Every hardening report includes: See harnesses/shared/AGENTS.md (Completion Evidence) for the shared evidence core; this phase keeps hardening-specific local fields.

## Completion Gate
- Target hardened: function, module, fixture, contract, or acceptance surface hardened.
- Hardening mode: property, mutation, acceptance, risk, dry, or full.
- Oracle / property / mutant / metric used: invariant, mutant class, fixture mutation, CRAP/SCRAP, or duplicate metric.
- Evidence that proves it: counterexample, survivor, weak-test finding, killed mutant, or risk metric observed.
- Exact command/path/route exercised: command, fixture path, contract path, or route exercised.
- Fixes made: production fix, test strengthening, equivalent-mutant filter, or no-code result.
- Rerun evidence: rerun command output or artifact proving the hardening now holds.
- Residual risk: surviving mutant, uncovered domain, equivalent mutant, or none with reason.
- Roster receipt ids: provider receipt ids or explicit roster waiver.
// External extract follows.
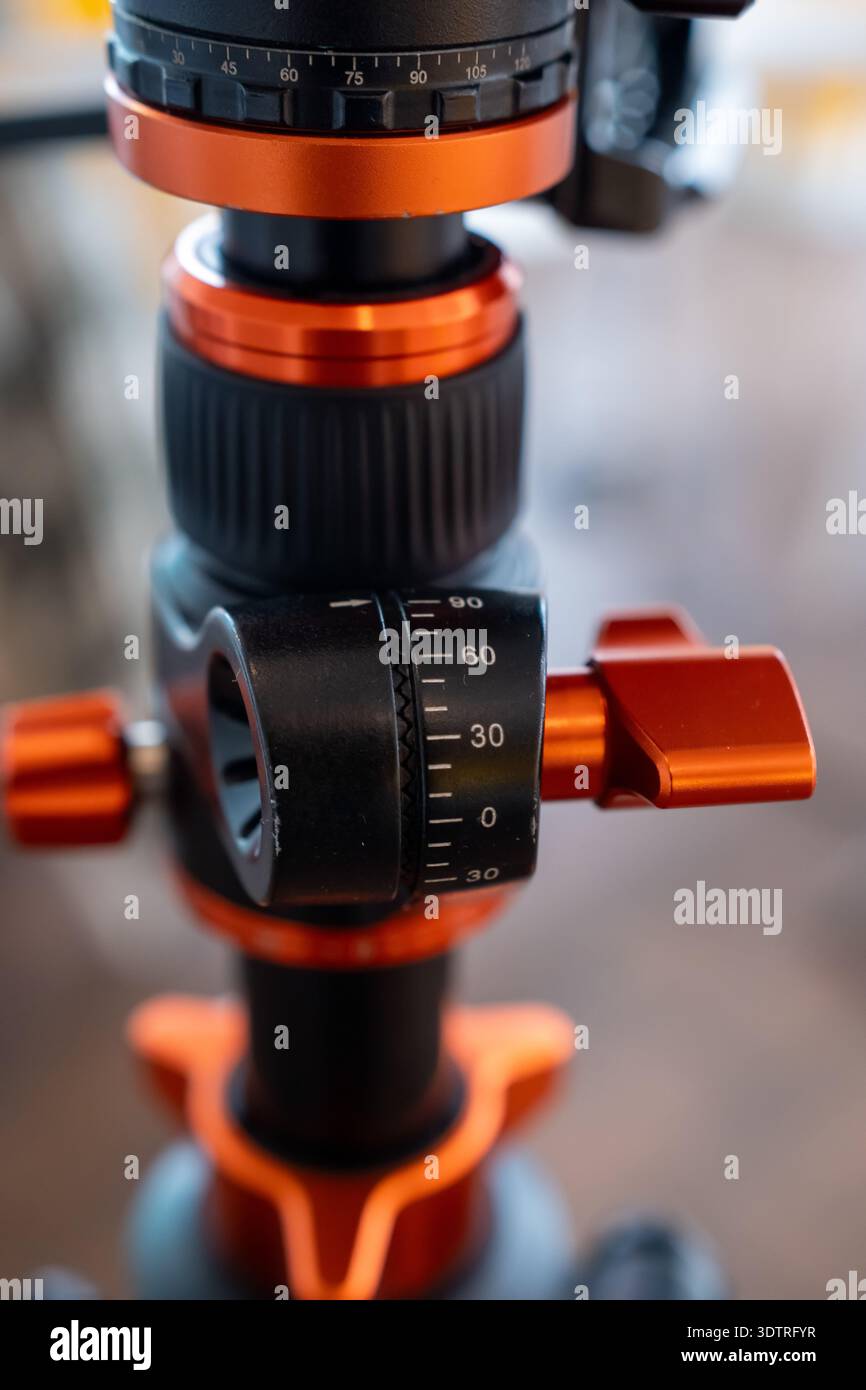 Vista ravvicinata della testa di un treppiede professionale con dettagli in arancione e nero, con regolazioni di precisione e funzioni di progettazione per Photography Enthus Foto Stock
No "hardened" claim without the exact command and rerun evidence.

Gotchas

• Random input without an invariant is noise.
• A property that restates the implementation is not an oracle.
• Mutation survivors are not automatically production bugs; equivalent mutants exist, but they must be explained rather than ignored.
• High CRAP points at risk. It does not prove bad design by itself.
• DRY tools report structural similarity. Shared shape can still represent different concepts.
• Acceptance mutation should mutate business examples, not generated test mechanics.
• Do not add slow mutation gates to the normal fast path unless a repo-local ticket explicitly chooses that tradeoff.
• Formal-spec ladder evidence is opt-in. Do not route ordinary tickets through the ladder unless the packet names Formal Spec Required: yes and the triggering criteria.

Source Inspiration

• unclebob/Acceptance-Pipeline-Specification: portable Gherkin-to-IR acceptance mutation with persistent runner workers.
• unclebob/mutate4go, mutate4java, and clj-mutate: bounded file-level mutation with coverage, scans, differential manifests, and survivor loops.
• unclebob/crap4go, crap4java, and crap4clj: complexity plus coverage as a target-selection metric.
• unclebob/scrap: structural test/spec smell scoring for refactor decisions.
• unclebob/dry4go and dry4java: structural duplicate discovery as evidence, not an automatic refactor.

Verification

Run cargo run --locked -p harness-kit-checks -- check-evidence-blocks skills to prove /hardening keeps its local Completion Gate. Semantic proof is the run's counterexample, survivor, killed mutant, risk metric, or explicit equivalent-mutant waiver.